De modo que estamos con una situación democrática compleja en occidente, en un cambio de civilización producto de todos esos factores que menciono y sistemas políticos lucen poco eficaces para administrar una ciudadanía que espera más del mercado que del estado. Que ya no tiene aquella atracción pasional o romántica si se quiere, de esperanza por un sistema u otro.
El Muro de Berlín cayó hace 30 años y con eso se puso punto final a los dos siglos más políticos de la historia desde 1789 y la Revolución Francesa. Y hoy estamos en una situación en la que el predominio científico, económico, tecnológico pone las cosas mucho más allá del debate político en blanco y negro. Nada simboliza más esto que la posición de China, un país que aún tiene una estructura política autoritaria pero tiene un sistema económico capitalista y es un campeón de la libertad de comercio, cuando antes era la expresión de los sistemas económicos planificados del mundo socialista.
─¿Y cómo encaja en todo este esquema regional y del mundo la elección la elección en Uruguay? Las encuestas le dan una ventaja a Lacalle Pou. ¿Puede interrumpirse el ciclo del Frente Amplio?
─Todo indica que luego de quince años hegemónicos del Frente Amplio, con tres gobiernos con mayoría absoluta en el Parlamento, nos encaminamos ahora hacia un cambio muy importante desde el punto de vista político. Una experiencia, si se quiere, inédita que es la de una coalición formada por cinco partidos: los dos grandes partidos tradicionales y luego otros partidos nuevos que han aparecido. Naturalmente la inclinación de este rumbo es una línea democrática en lo interno, de alineamiento internacionalista en lo internacional, lejos naturalmente de los gobiernos autoritarios como el de Venezuela. De modo que ese va a ser el posicionamiento. En cualquier caso, diría que la elección uruguaya no muestra factores tan traumáticos como pudiera ser en otros lados. A tal punto es paradójico que el gobierno de la izquierda se presenta como un gobierno de más tranquilidad y de espíritu más conservador de la situación que el que propone la alternativa de centro.

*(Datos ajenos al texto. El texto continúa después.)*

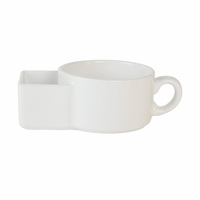 Cadeaux d'Halloween en céramique 300 ml Tasse à café personnalisée drôle en céramique avec poche à biscuits Sachet de thé Porte-biscuits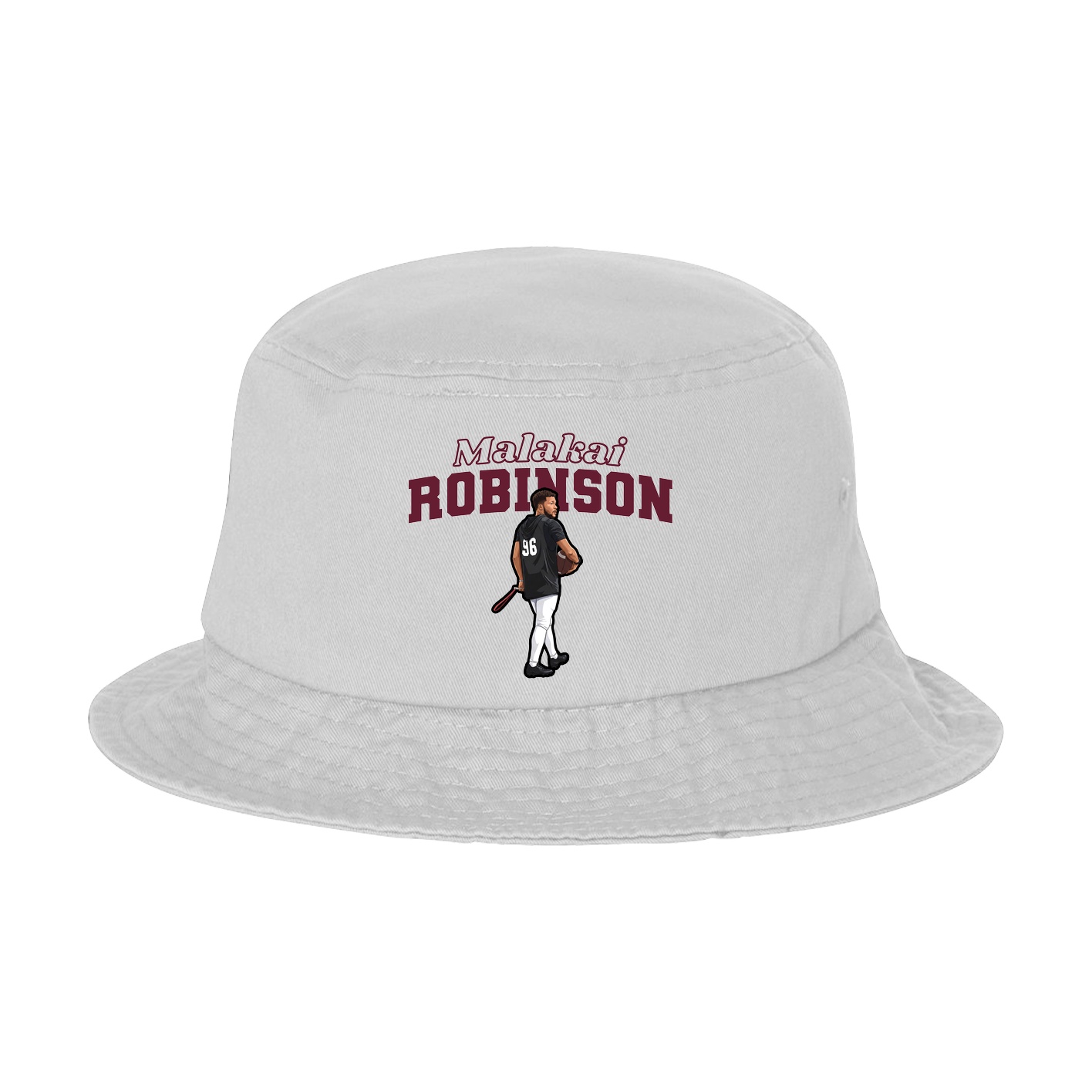 Bucket Cap — Name Arch in White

─Alberto Fernandez acaba de ir a Montevideo para darle el apoyo al Frente Amplio, lo mismo que hicieron en su momento Néstor y Cristina Kirchner con Tabaré Vázquez.
─Lo cual me parece totalmente inadecuado porque un presidente electo de Argentina no debiera estar participando o intentando influir de algún modo en la elección del Uruguay. Hemos tenido muchos desarreglos. Nuestros gobernantes opinaron desde el gobierno mal de Jair Bolsonaro cuando estaba en carrera hacia la presidencia; ganó Bolsonaro y hoy Uruguay no tiene una buena relación con Brasil. Ahora a la inversa, Bolsonaro opina de nuestras elecciones diciendo que pierda el Frente Amplio, lo cual tampoco es bueno. Por el otro lado, nos encontramos con Alberto Fernandez intentando también dar su apoyo al Frente Amplio, lo cual no me parece respetuoso de los códigos de soberanía, ni siquiera yo diría de la prudencia política que nos impone la necesaria convivencia entre vecinos. Tenemos tantos motivos de solidaridad en general.
─¿Cree que ese apoyo puede afectar las elecciones a futuro entre Uruguay y Argentina?
─Le puedo asegurar que del lado uruguayo va a haber todo el esfuerzo por mantener buenas relaciones tanto con Argentina o con Brasil. De eso no tengo la menor duda.
Julio María Sanguinetti (Montevideo, 1936), Doctor en Ciencias Sociales de la Universidad de la República, fue Presidente de Uruguay en dos períodos: 1985-1990 y 1995-2000. Anteriormente fue Diputado (1963-1973), Ministro de Industria y Comercio (1969-1971) y de Educación y Cultura (1972). Fue senador entre 2005 y 2010, y ahora acaba de ser electo otra vez. Presidió el Centro Regional para el Fomento del Libro de UNESCO, el Consejo de la Universidad para la Paz de la ONU y la Comisión Nacional de Bellas Artes. Ha publicado numerosos libros sobre temas históricos, artísticos y jurídicos. Ejerce el periodismo, siendo actualmente columnista de El País (España), La Nación (Argentina) y El País (Uruguay). Es Presidente Honorario de Peñarol.